No sooner had he left, when around came the messengers telling us to take a warm coat and a blanket and go immediately to the Saliport of the 21st.  (Sorry to interrupt - but here at the window I see a group of Army trucks going past - dark, not even the blackout lights on.  Just heard that Shafter had been bombed too and that 250 were injured.  Wonder how Joel is – OD at the Crater!)


After we assembled in the Saliport we went into the kitchen and started to butter bread and make hot water for tea and coffee.  Most of the people had had no breakfast and the children were hungry.  All the electricity had been turned off except one small electric burner.  We hunted around and found the sugar and cream.  At the same time we tried to keep the store open so that the soldiers could come in and buy cokes and cigs.  From the windows we could look out into the quadrangle and watch the companies line up.  Once there was another attack, but by that time the anti-aircraft guns were operating and no damage  was done.
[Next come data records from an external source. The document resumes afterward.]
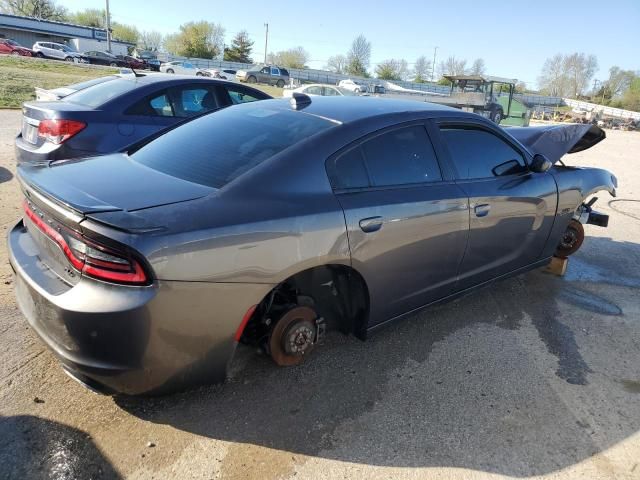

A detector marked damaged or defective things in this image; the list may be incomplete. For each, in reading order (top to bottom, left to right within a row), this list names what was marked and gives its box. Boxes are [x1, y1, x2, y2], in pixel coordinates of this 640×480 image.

damaged gray car [6, 96, 616, 394]
crumpled hood [504, 124, 604, 165]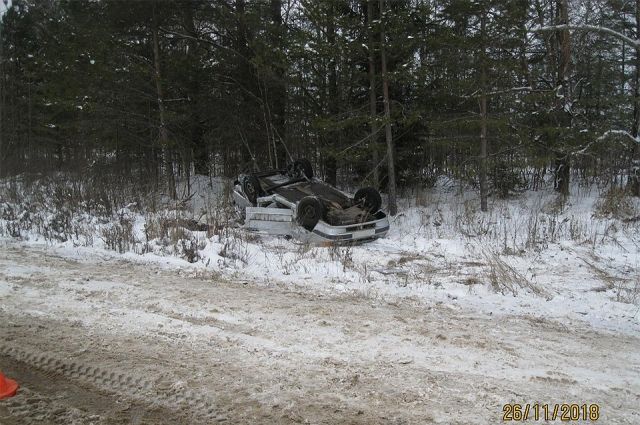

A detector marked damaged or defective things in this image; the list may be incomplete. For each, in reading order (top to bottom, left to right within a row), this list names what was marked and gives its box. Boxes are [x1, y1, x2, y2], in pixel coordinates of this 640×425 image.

overturned car [231, 158, 390, 242]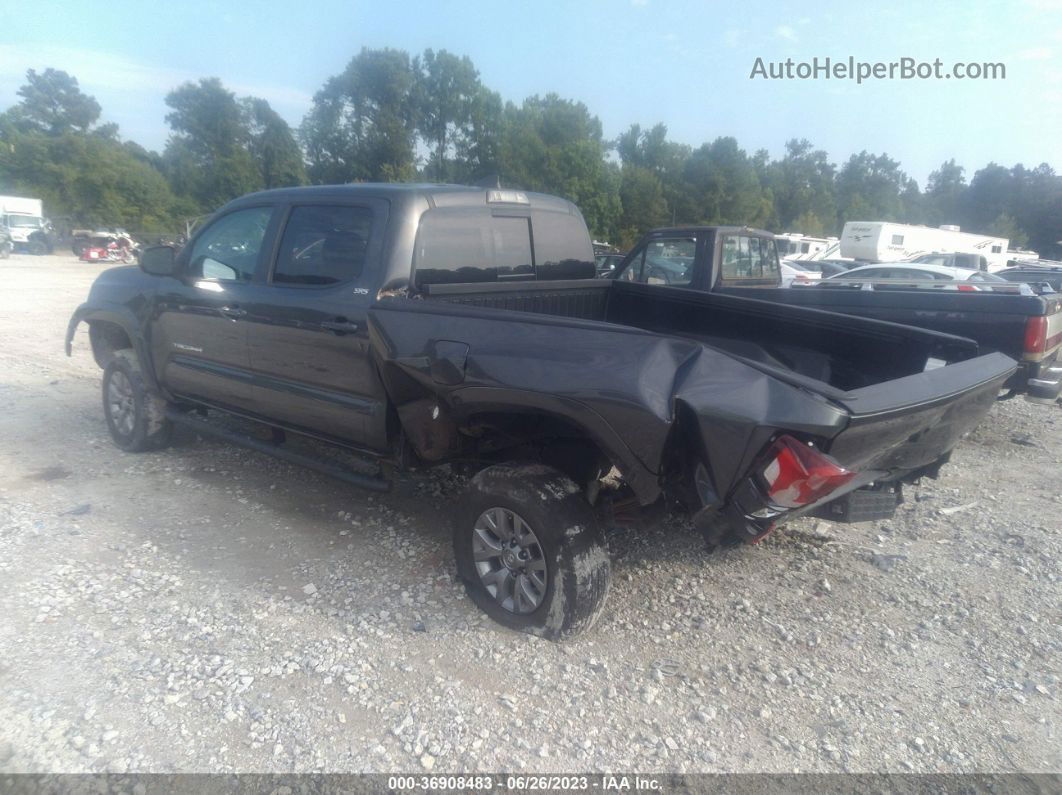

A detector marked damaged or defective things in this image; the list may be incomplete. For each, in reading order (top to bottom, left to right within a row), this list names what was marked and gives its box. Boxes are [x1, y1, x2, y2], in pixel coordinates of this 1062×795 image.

broken taillight [764, 435, 853, 509]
After about an hour and a half, we were told that we could go back to the houses and pick up a few other things so Mary Alice and I dashed back and put what we thought we would need into a large laundry bag and went back to the Saliport.  By that time the order had come out that we could return to our houses for the night.  All afternoon we had conflicting reports – “Go back to your houses and await further orders.” - “Go to the Saliport.” - Return to your houses, return to the Saliport.  We didn’t know just what to do!  We finally decided to pack our small bags and leave them at the 21st and then await further orders at the house - and it was a good idea.  About six o’clock the orders came around to go to the 21st.  When we arrived this time, we were told to await convoy to be taken into the city.  It was almost dark and not a light was on anywhere.  It was cold and the women with children were having a very difficult time.  MA and I adopted two small boys for their mothers - they kept us busy.  It seemed ages before the busses arrived to convoy us - and in that time we heard a million rumors.  We were going to be taken immediately to transports and shipped home!  Imagine such a thing going around!  But everyone was on edge.


The buses finally arrived and then started the longest and most harrowing ride I have ever had.  (It rivals the one I had with Dad that stormy night from Baguio.)  We were just packed in with all our belongings – the bus driver was an oriental and many were sure that he would wreck us.  It was still raining - cold.  The bus seemed to crawl along - couldn’t travel over five miles an hour - children screamed all the way – as we passed Pearl Harbor we could see the fires burning – the same at Hickam Field.  None of us had any idea just how much damage had been done.  It was almost eleven o’clock when we arrived here at the school, yet it was all locked up.  No orders seemed to have been received that we were coming and we had to find the janitor to get into the rooms.  Everything was confused.  But at least, we were not on transports.  The women with small children were most in need of help and care, and we tried to settled them first of all.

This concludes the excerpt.